§ **Instructions for the task**:
Everything in the listing below has to be repeated exactly, except the pictures.

§ **Information supplied**:

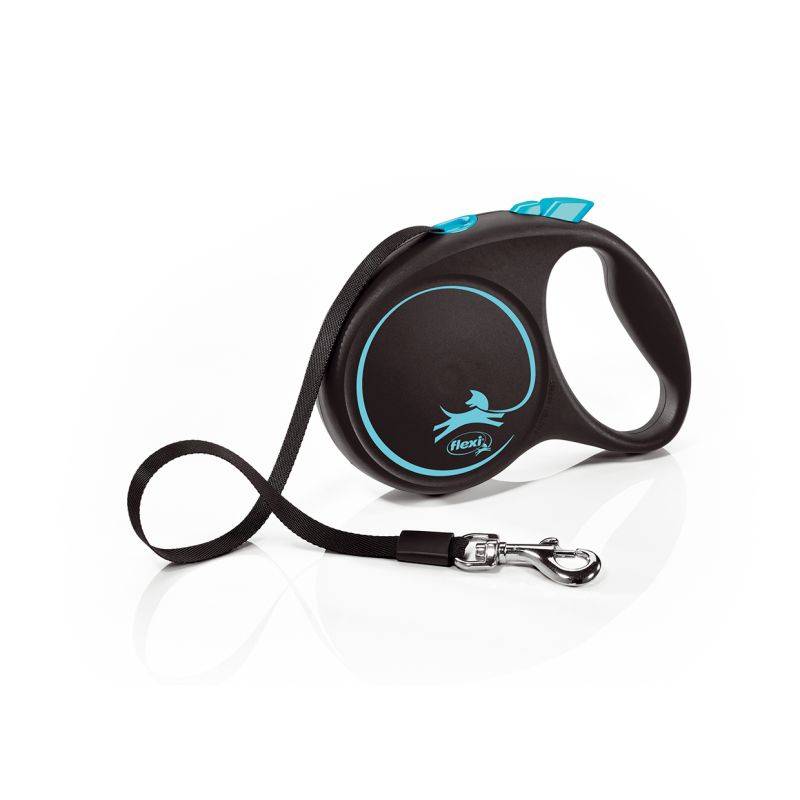 Flexi - Laisse Black Design M Tape 5m black/ blue  FU22T5-251-S-CHBL Flexi - Image 1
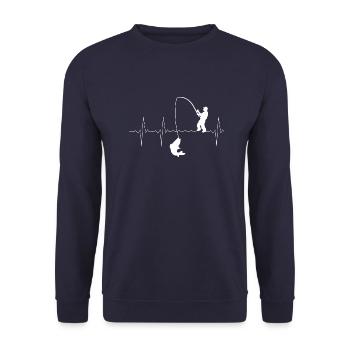 Heartbeat Angler 3 blanc - Sweat-shirt Unisexe - marine - Devant - Alina (178cm) & Michal (187cm)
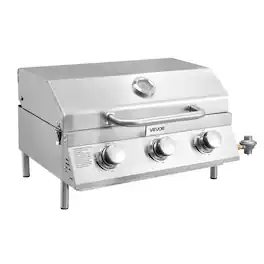 VEVOR - Tabletop Gas Grill, 3-Burner Stainless Steel Portable Propane Grill, with Built-in Thermometer, Travel Locks - Silver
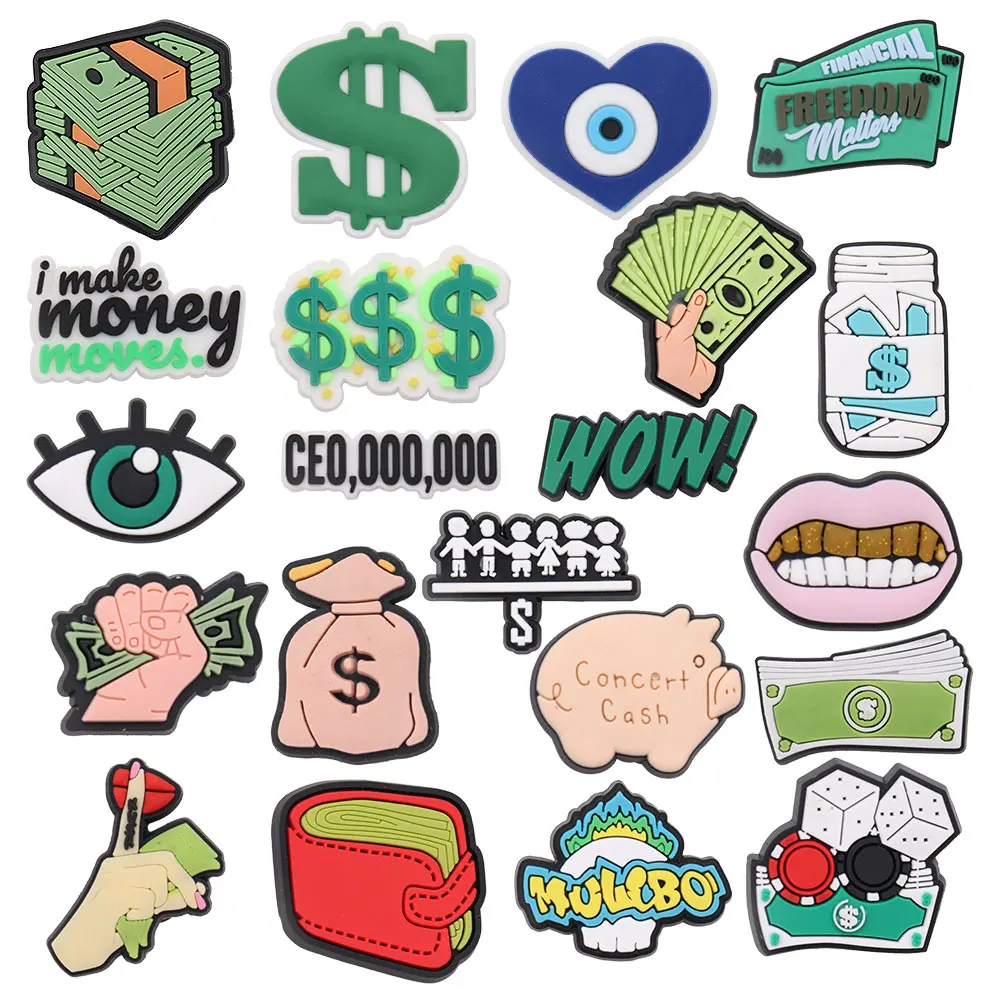 

New 1pcs PVC Croc Charms Money Bag Financial Freedom Matter Wow Dollar Slippers Shoe Decoration Buckle Clog DIY Wristbands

§ **Answer area**:
 Flexi - Laisse Black Design M Tape 5m black/ blue  FU22T5-251-S-CHBL Flexi - Image 1
 Heartbeat Angler 3 blanc - Sweat-shirt Unisexe - marine - Devant - Alina (178cm) & Michal (187cm)
 VEVOR - Tabletop Gas Grill, 3-Burner Stainless Steel Portable Propane Grill, with Built-in Thermometer, Travel Locks - Silver

New 1pcs PVC Croc Charms Money Bag Financial Freedom Matter Wow Dollar Slippers Shoe Decoration Buckle Clog DIY Wristbands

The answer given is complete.